Il s'agit aussi "d'aborder la question de l'influence de l'art africain sur l'oeuvre" de Picasso, une "influence particulièrement nette au cours de la période cubiste", selon les organisateurs. L'exposition sera inaugurée lundi par la princesse marocaine Lalla Salma, épouse du roi Mohammed VI, et ouvrira au public deux jours plus tard, à la place de "L'Afrique en capitale", qui faisait depuis fin mars la part belle à l'art contemporain africain.

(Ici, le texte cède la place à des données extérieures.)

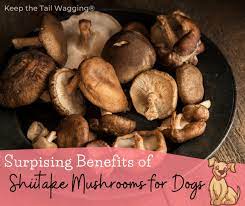 Surprising Benefits Of Shiitake Mushrooms For Dogs Keep The Tail Wagging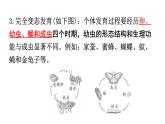 北师大版八年级生物上册第6单元第19章第2节动物的生殖和发育知识点课件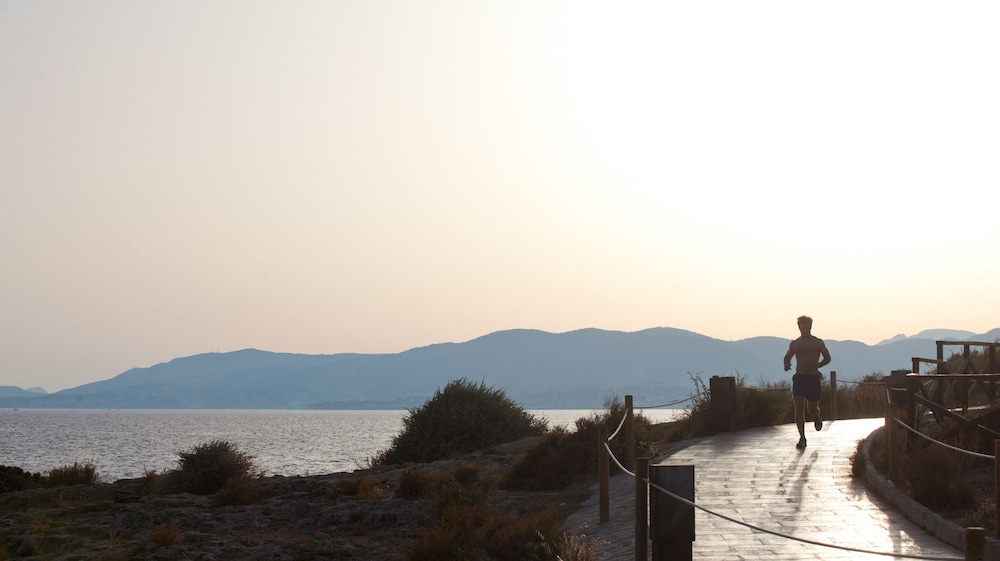 Hotel JS Palma Stay - Adults Only — Attractions in the area in Playa de Palma, Balearic Islands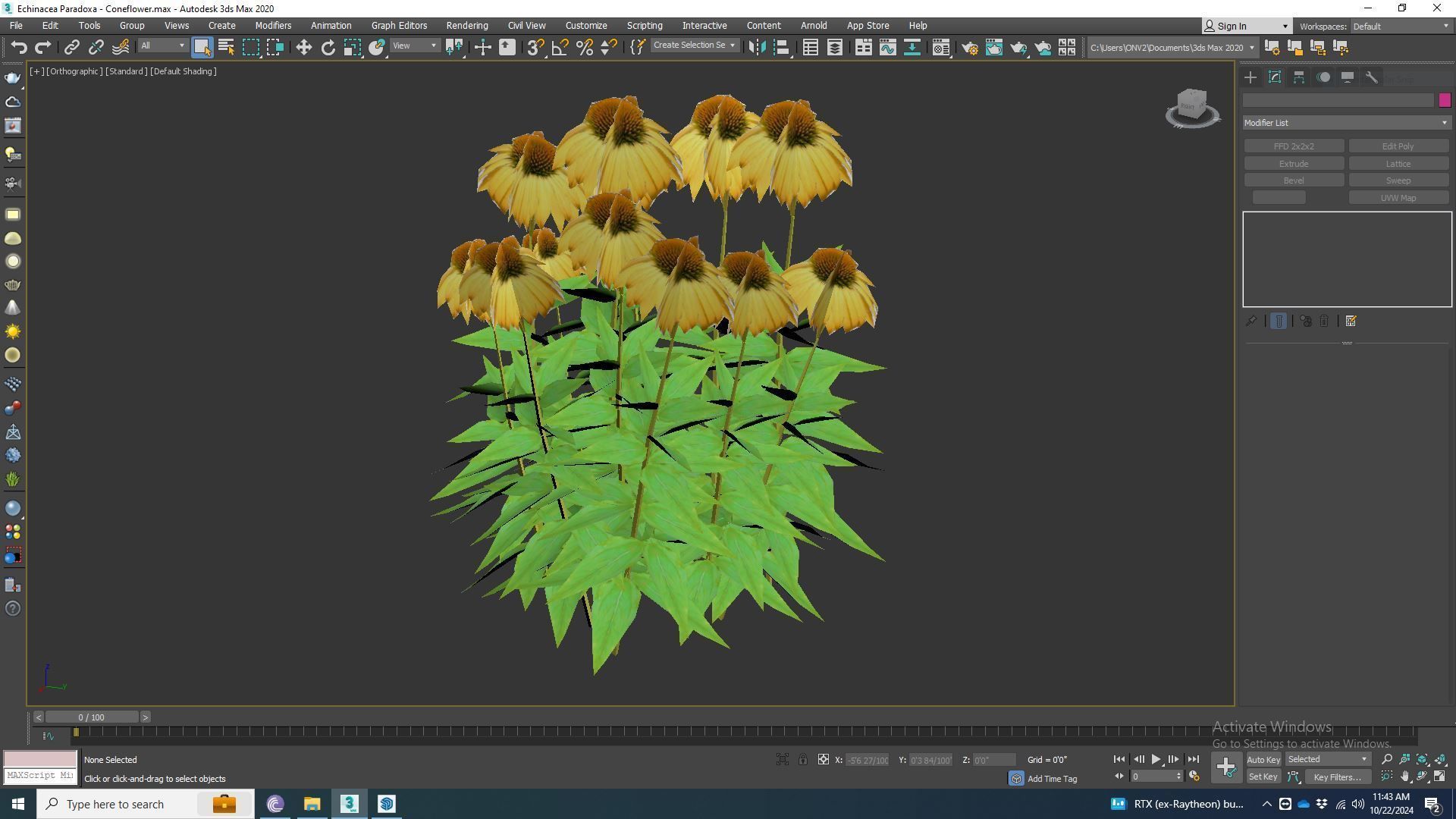 Plant   Echinacea Paradoxa - Coneflower Low-poly 3D model_6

En 2016, le jeune musée de Rabat MMVI -inauguré en 2014- avait accueilli une vaste rétrospective du sculpteur suisse Alberto Giacometti, autre artiste majeur du XXe siècle. Les grandes fortunes marocaines sont nombreuses à investir dans la construction de musées privés. Le magnat de l'immobilier Mohamed Alami Lazraq a ainsi lancé à Marrakech un musée consacré à l'art contemporain africain, entre parcours de golf et bâtisses de luxe. Leila Mzian Benjelloun, épouse du plus grand banquier du pays, ouvrira en 2018 un musée des arts traditionnels dans un quartier huppé de Casablanca.